1. Field of the Invention
The present invention relates to electronic circuits, and more specifically to electronic circuits implementing RAM functionality.
2. Description of the Related Art
The active memory of modem computer systems relies heavily on the use of RAMs to perform active, volatile storage of both data and instructions. Static and dynamic RAMs are well known and well studied in the art. Dynamic memory is the workhorse of the main memory array of most modern computer systems, while static memory is generally used in high-speed memory caches, local to the primary processor.
The typical SRAM is composed of a large number of memory cells, each memory cell having a unique address within the memory. SRAM cells have typically been coupled to a pair of bit lines via a pair of word line transistors. When the word line signal has received a logical high signal assertion, data is exchanged between a pair of nodes internal to the SRAM cell and the pair of bit lines.
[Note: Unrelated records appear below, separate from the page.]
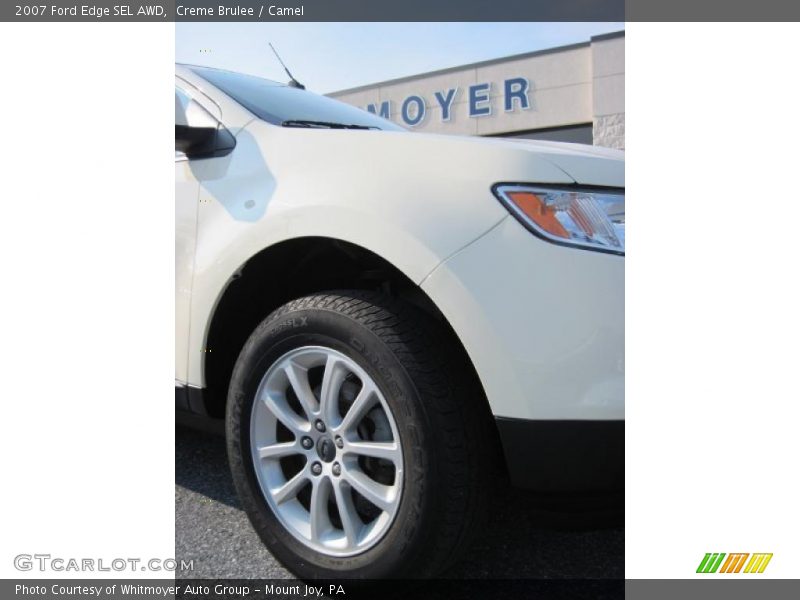 Creme Brulee / Camel 2007 Ford Edge SEL AWD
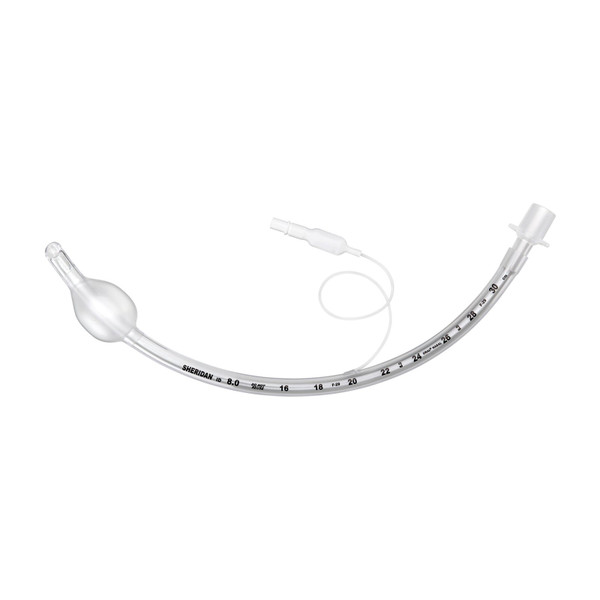 Teleflex - Sheridan Hvt - 5-10315 - Cuffed Endotracheal Tube 324 Mm Length Curved 7.5 Adult Murphy Eye 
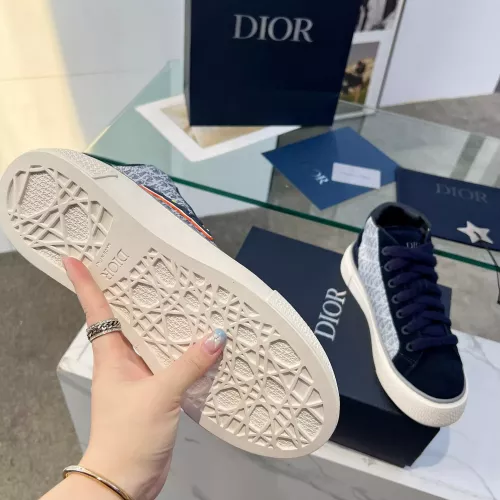 Replica Christian Dior High Top Shoes For Men #1348185 $108.00 USD for Wholesale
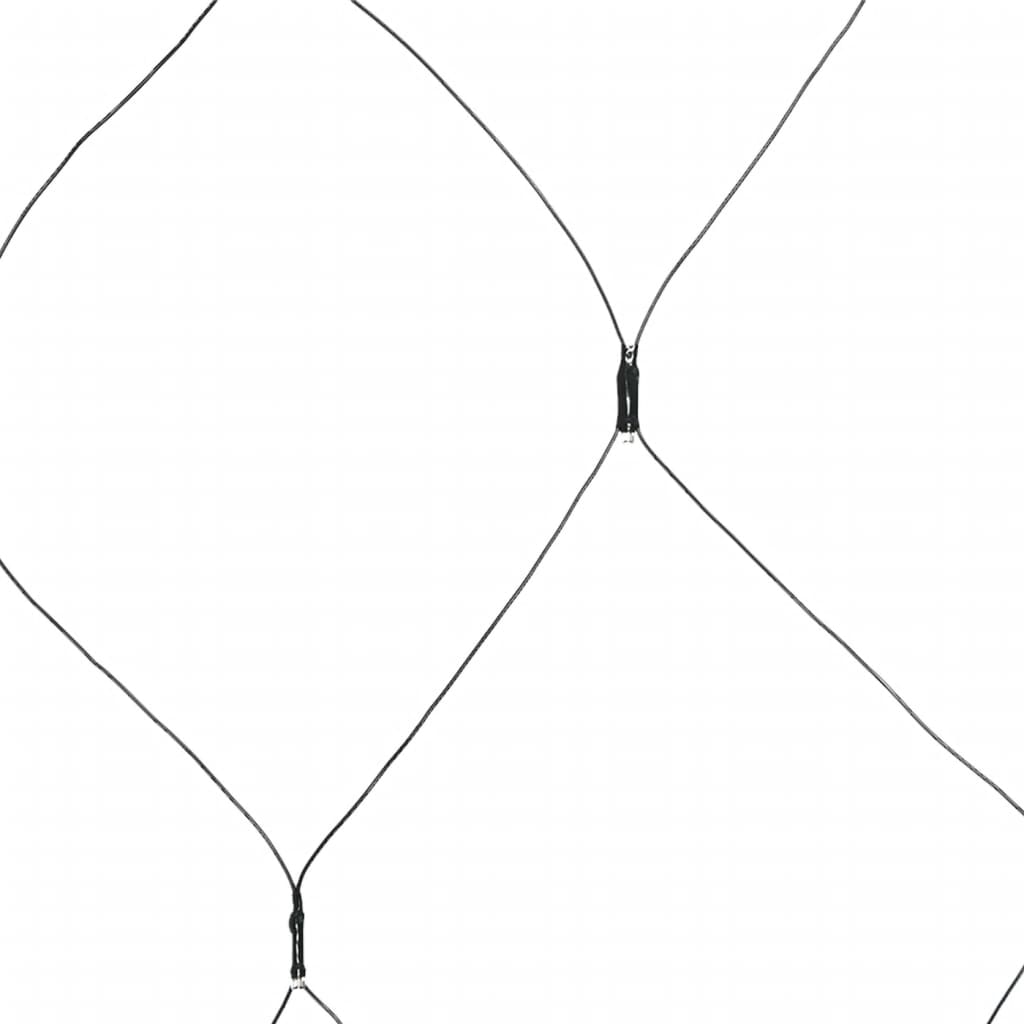 Luci di Natale a Rete Blu 3x3m 306 LED Interni Esterni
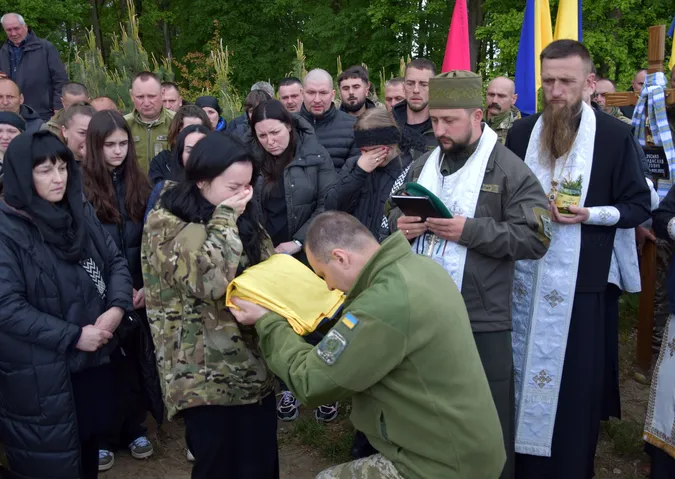 На Волині попрощалися із юним прикордонником Владиславом Зуськом (фото)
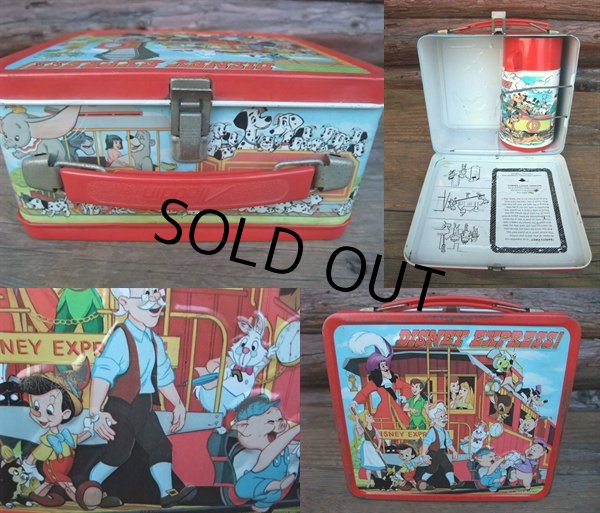 画像3: 70s Disney EXPRESS! / Luch Box Set (AC-602) (3)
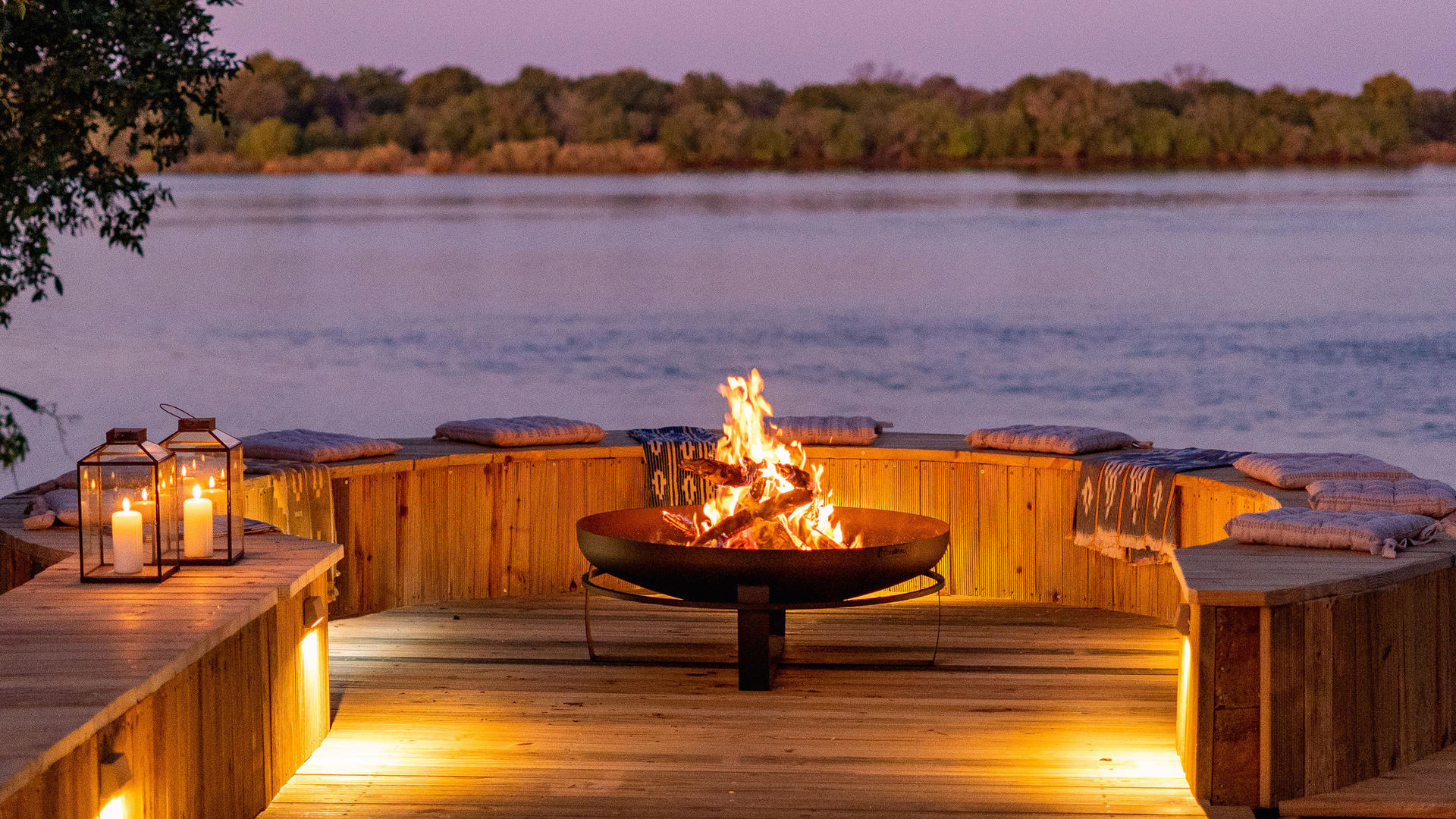 Victoria Falls River Lodge » Matoke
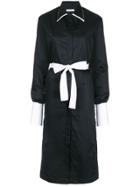 Anna Quan Cecily Shirt Dress - Blue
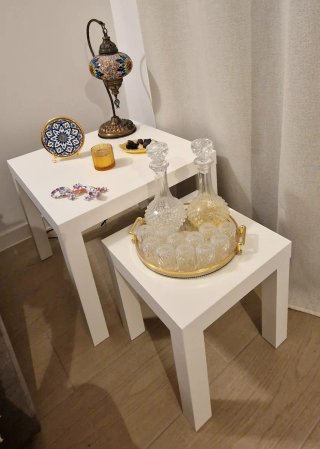 Juego de mesas auxiliares LACK - Ikea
The word line signal has generally been generated as a logical function of various bits of a received address. Depending on whether the operation is a read or a write, data is either transferred from the internal nodes of the RAM cell to the bit lines, or from the bit lines to the internal nodes of the RAM cell.
Sense amplifiers have typically been employed to increase the speed with which the bit line logic state changes (i.e., changes, in either voltages or currents, that represent transactions between logic states on the bit lines can be detected during reads). A sense amplifier has typically been constructed to detect small differences (i.e., the differential) in voltage or current between the bit lines of the bit line pair. The sense amplifier has typically contained a static CMOS transistor pair for each bit line with positive feedback. It drives the bit line with the higher logic state voltage to the positive rail and the bit line with the lower logic state to the negative rail.
However, even before input data arrives at the sense amplifier, small fluctuations between the bit lines may be detected. The fluctuations in the bit line may result from any of a variety of factors, including crosstalk from other memory cells and bit lines, electrical or switching noise, or other environmental factors. These fluctuations are overcome by the differential intentionally placed on the bit lines once the inputs arrive, but premature reading of the bit lines may inadvertently cause an erroneous measurement.
To reduce the chance of such an erroneous, premature reading, a delay circuit has typically been employed to delay the operation of the sense amplifier until the SRAM cell being read has had sufficient time to produce differential on the bit lines. The delay, typically originating from a clock edge, delays the triggering of the sense amplifier until the difference between the bit lines may be assumed to be caused by actual data from the RAM cell. The delay has sometimes been determined in a worse case scenario, i.e., to provide as much assurance as possible that the sense amplifier will not trigger early and thereby produce a false result. However, high performance SRAMs may incorporate some type of self-timing.